I'll rail against the narrative all day. Last night had absolutely nothing to do with that. Last night was, as I said on Twitter, f***ing awesome.
-- It is a fact that Carlos Beltran hit at least a single, and probably a double, in the sixth inning. The rules say that a ball passing the base on the fly and landing on the foul line -- "fair line," to be precise -- is a fair ball. Beltran's ball bounded on the line and into foul territory, a hit, and a man named Adrian Johnson changed that hit into a foul ball. That's what happened, folks -- the player did something, and the guy no one's ever heard of changed it into something else. I'm happy to have this conversation over and over again until we get the robot umpires -- or at least the sensible replay system -- that will take baseball out of the hands of the middle management interpreters.
It is also a fact that anyone wanting to elevate the Johnson failure as a discussion point on line with Mike Baxter's catch or Santana's heroics is missing the forest for the trees. Johan Santana didn't do anything last night that players all over baseball do all the time: act in the changed context of play once an umpire has substituted his reality for what happened. To make Johnson the story, as a number of people did after the game to me on Twitter, is gold-medal point missing.
Put it this way: I'm a lot more upset about the blown call at second base two weeks ago, in the Mets/Blue Jays game, that turned a double into an out during a ninth-inning rally. You want to talk about the impact of having umpires who won't sign on to a replay regime, that's the call to focus upon, not a sixth-inning double turned into a foul ball that only has meaning because Santana got 26 other outs without allowing a hit. You can be for replay or against it, but you can't pick and choose based on the context of the call.
--There was some question as to whether Santana would finish the game. Even at his peak, he wasn't one to rack up huge pitch counts -- Santana and CC Sabathia are milestones in the evolution of the staff ace, pitchers who were the best in the game while almost never being pushed to high pitch counts. In ten starts prior to last night, Santana had thrown 100 pitches just three times and never more than 108. So it was natural to wonder whether Terry Collins would let him finish the game. Santana, after the game, indicated that there was no way he would come out, and that seems a reasonable position. He's not some kid. He's also not pitching for a team with a high likelihood of reaching the postseason. Throw in the historical significant, and the added risk of the extra pitches was worth paying for the shot at the no-hitter. Santana ended up throwing 134 pitches, and as I mentioned yesterday, to get that high in the modern game you pretty much have to be chasing history. Santana caught it.

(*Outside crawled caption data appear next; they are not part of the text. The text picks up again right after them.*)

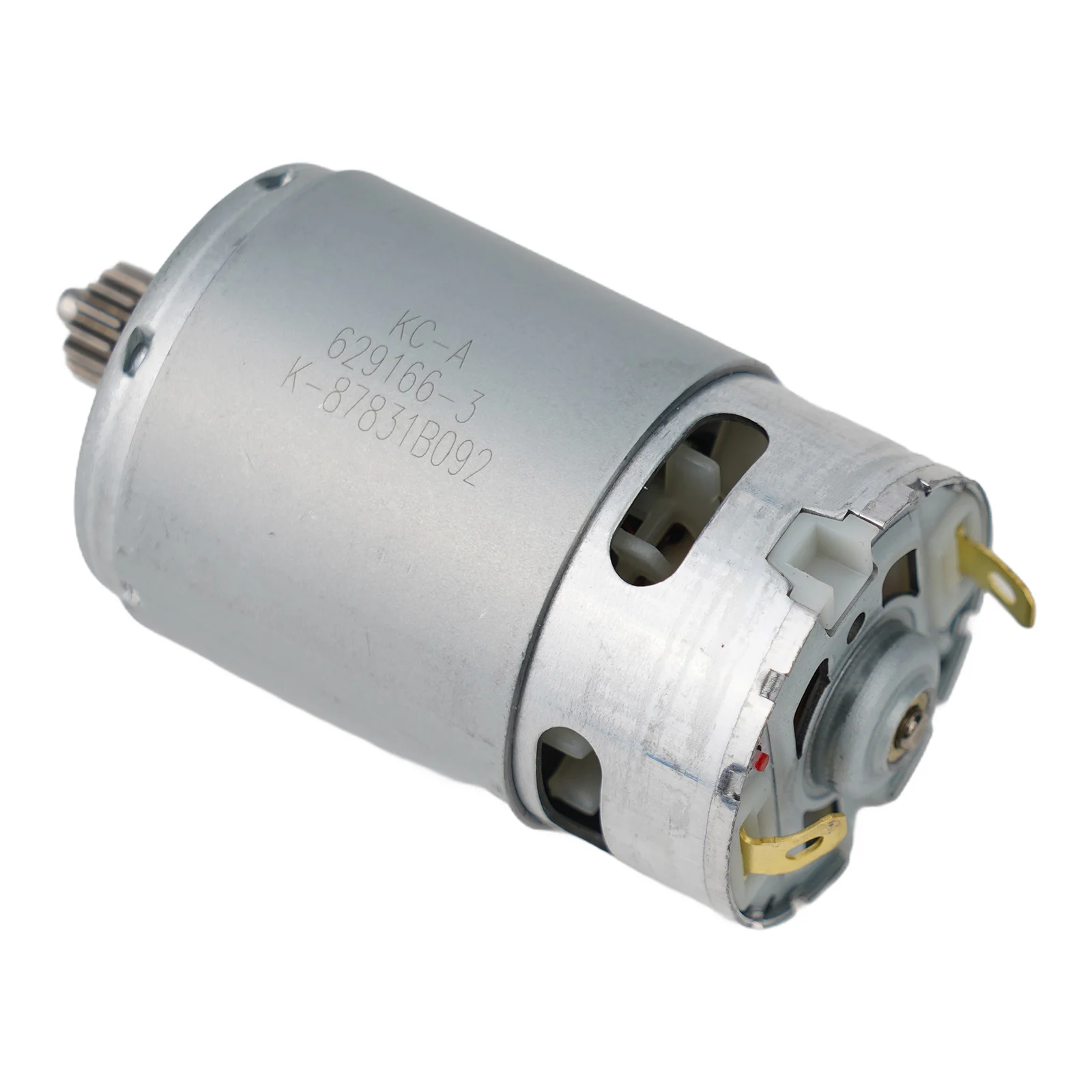 

Accessories Motor Sliver High Quality Material Part Number 629395 8 Long Service Life Easy To Replace HP333D DF333D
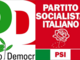 Finale Ligure: continuano gli incontri tra il Pd e il Partito Socialista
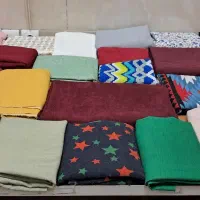 پارچه. قفسه.میز|فروشگاه و مغازه|محمدیه-قزوین, |دیوار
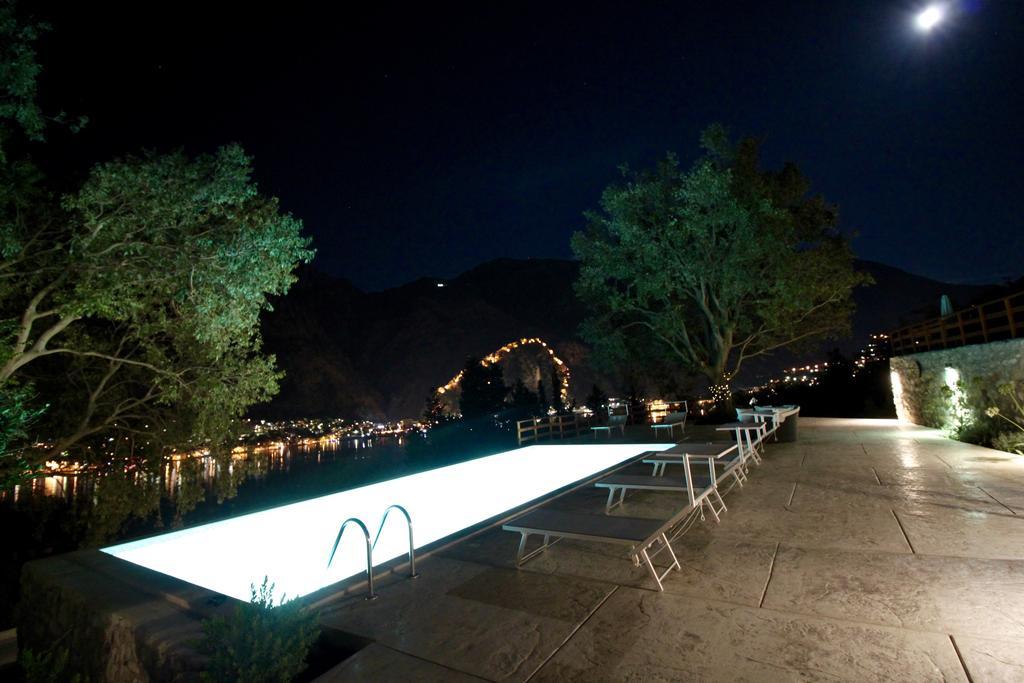 Villa Mima Kotor Exterior foto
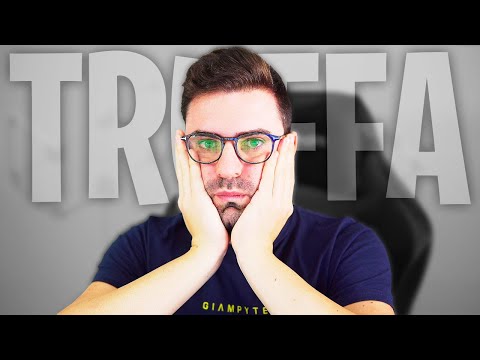 Video: Quando truffato o definito?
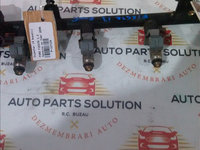 Injector (4 bucati) FORD FIESTA 2003-2008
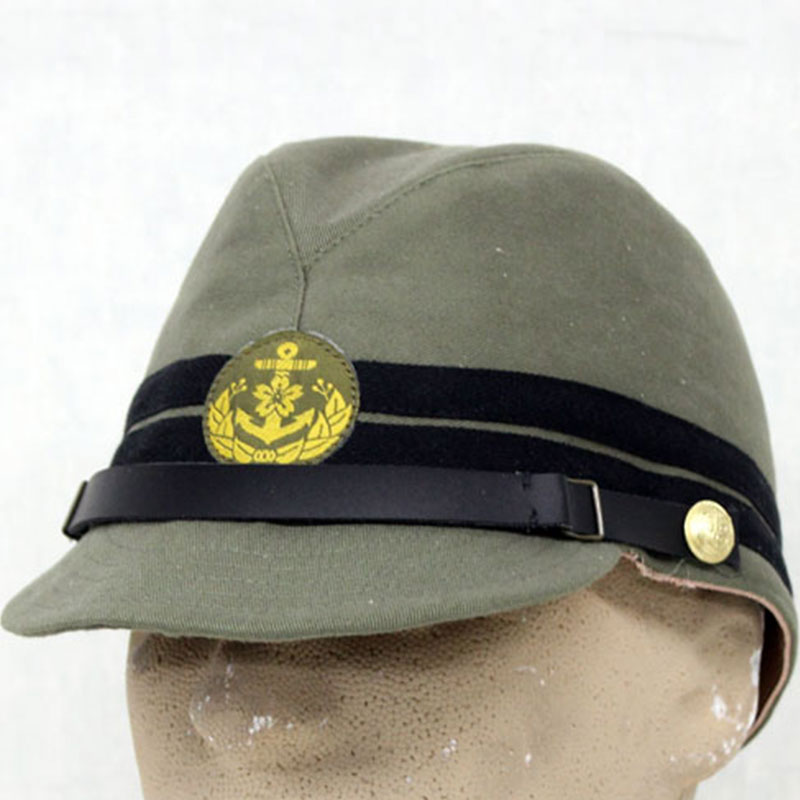 楽天市場】旧日本海軍 帽子の通販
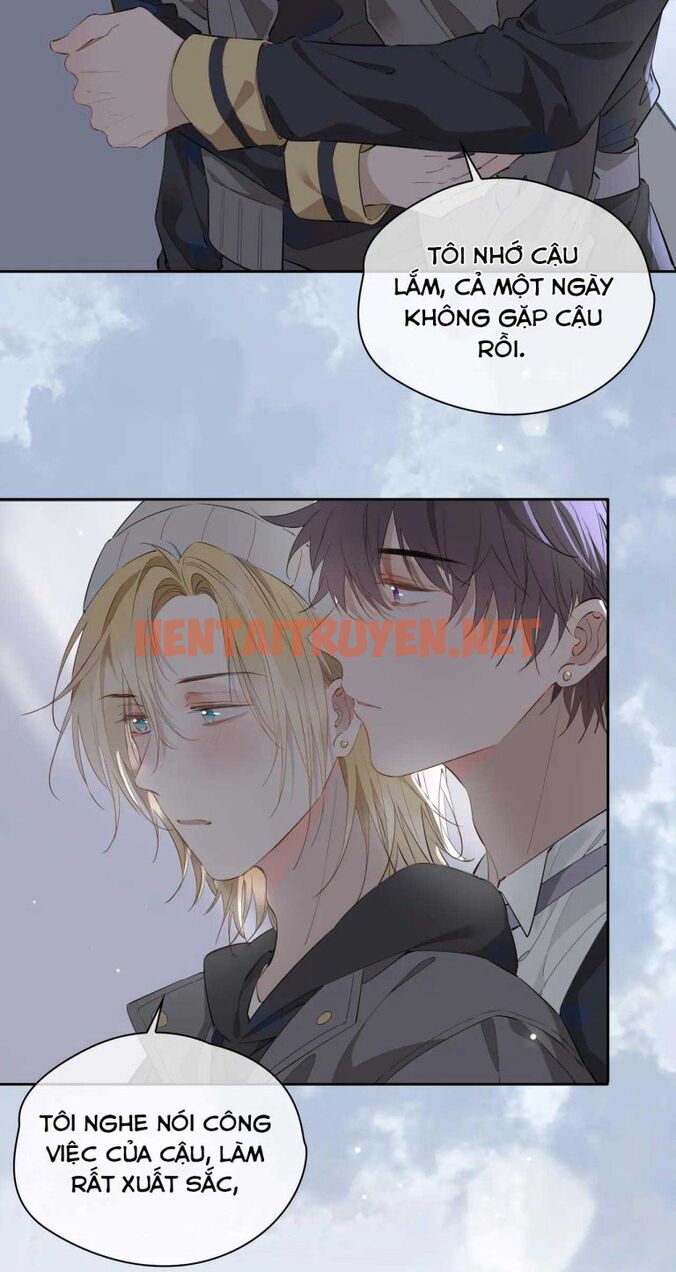 Xem ảnh Tình Đầu Của Hoàng Thái Tử - Chap 66 - img_026_1655003104 - TruyenVN.APP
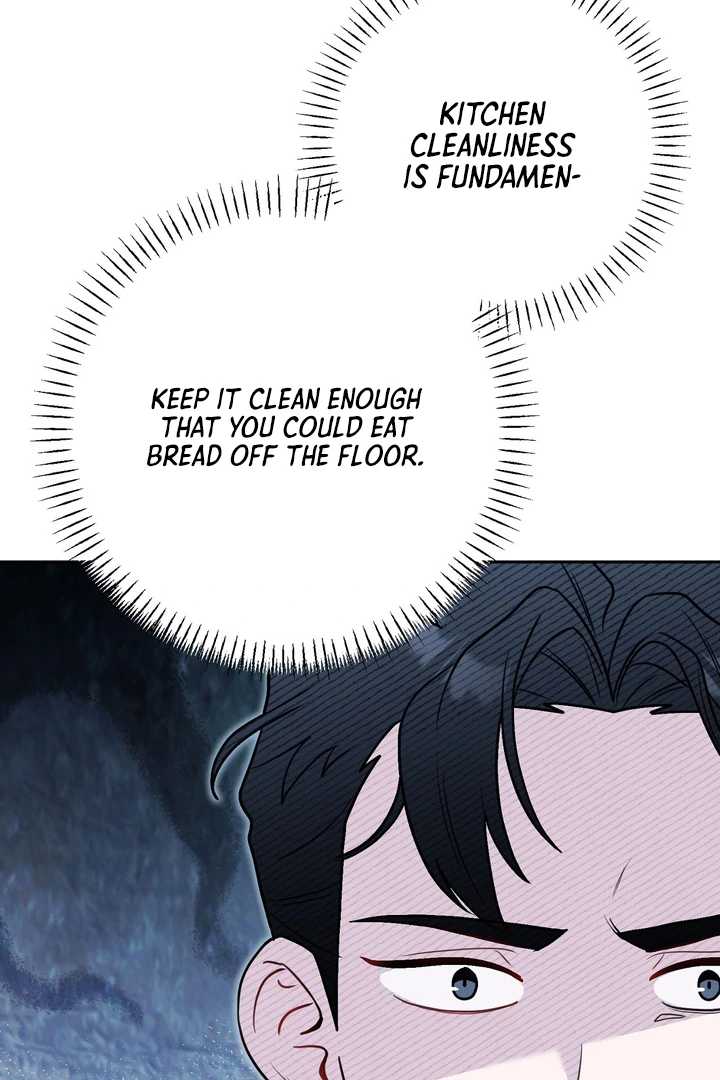 No Affection Recipe Chapter 3 page 90 - 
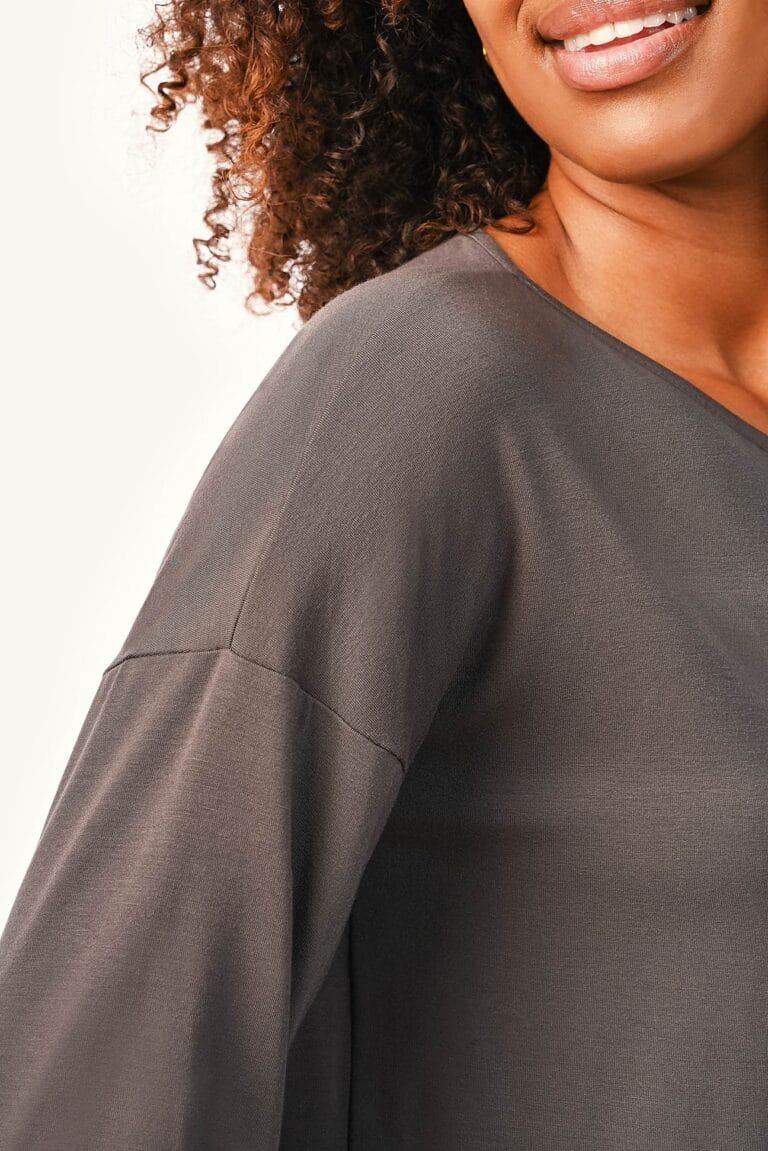 Thelma Rose - Sweat sans capuche Cléa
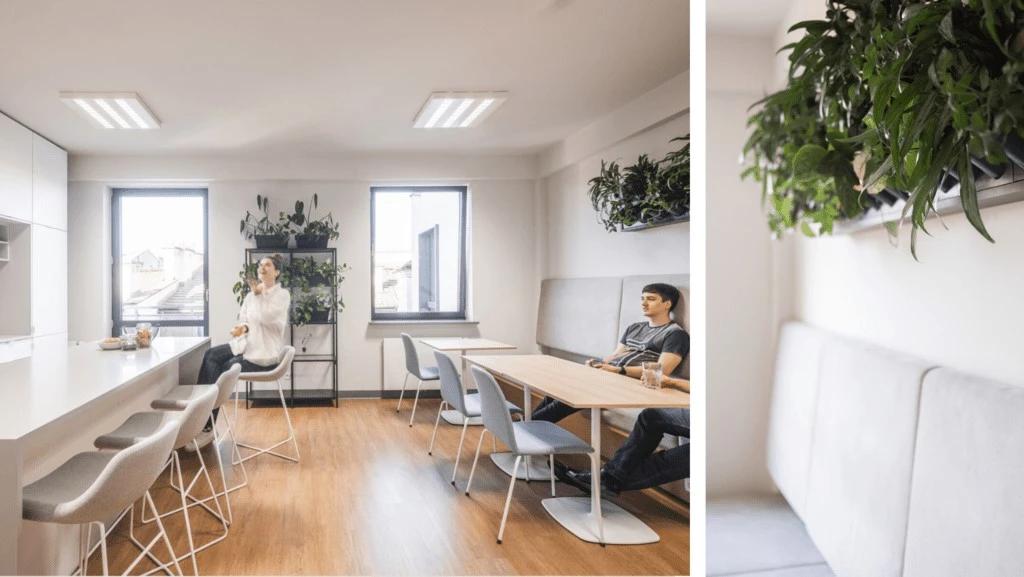 Realizacja — skupienie i akustyka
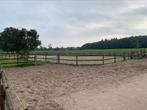 Rijbak te huur, ook voor paardencoaches, Dieren en Toebehoren, Stalling en Weidegang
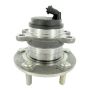 SKF BR930846 SKF Front Wheel Hub Bearing Assembly BR930846 For Hyundai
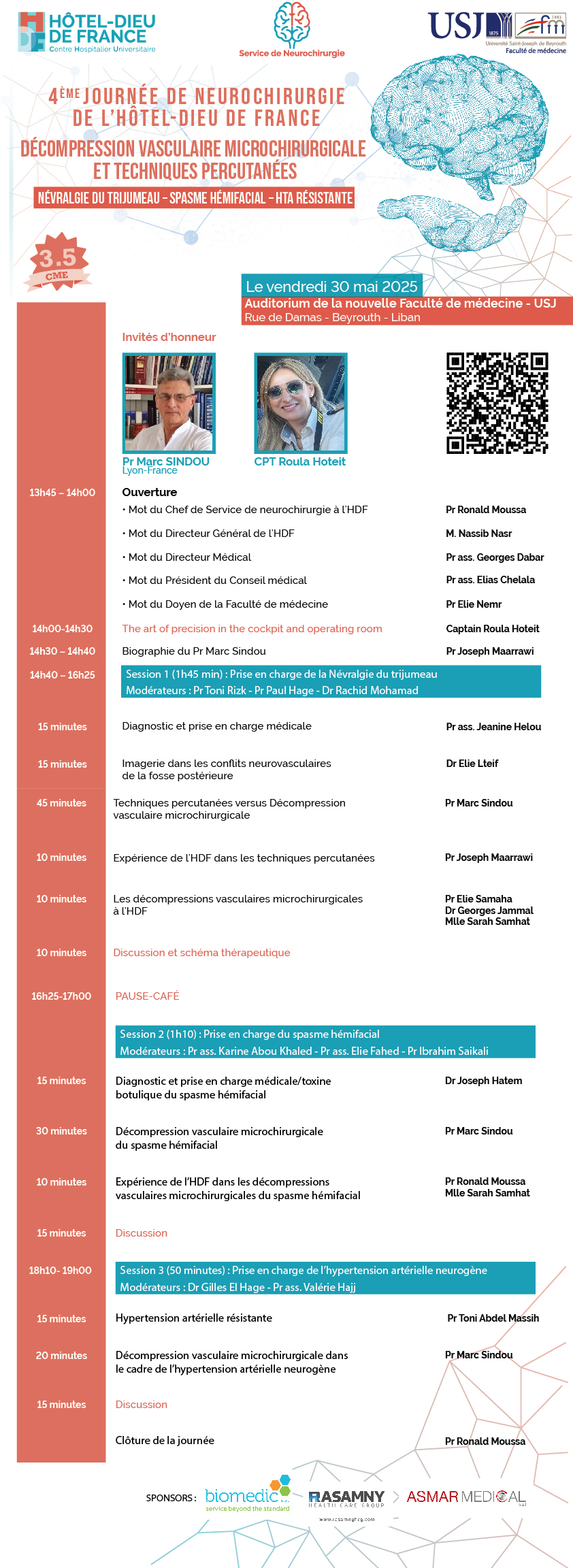 programme 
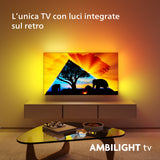 Philips Ambilight TV 48OLED769 48" 121cm 4K UHD Dolby Vision and Dolby Atmos Titan OS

-- If any of you have seen the movie adaptation of "Fantasyland," you've seen Jed Latkin. Jed, one of my best friends, is a lifelong Mets fan, a season-ticket holder, someone who takes trips to Port St. Lucie in March with his dad to watch spring training games and gets to take BP on the field at Citi. I don't understand it -- I grew up in New York, too, and I was raised to root for the right franchise -- but I respect it.
Friday was Jed's birthday, and on his birthday, the ace pitcher for the Mets threw the team's first no-hitter ever. It's a fairy tale, really, but for one small detail: Jed wasn't there. He was celebrating with cake at home, with his wife and his four-year-old twins. He's not crying about it -- Jed's as good a father as I am a consumer of cupcakes -- but for someone who's watched so much bad baseball as Jed has, who suffered at Shea, who has stayed with the Mets even as so many people have bailed since the first year of the move to CitiField, you just wish that maybe the rain that washed out the Nats and Braves last night could have instead moved north more quickly, pushing history back one more day, giving this fan the baseball thrill of a lifetime.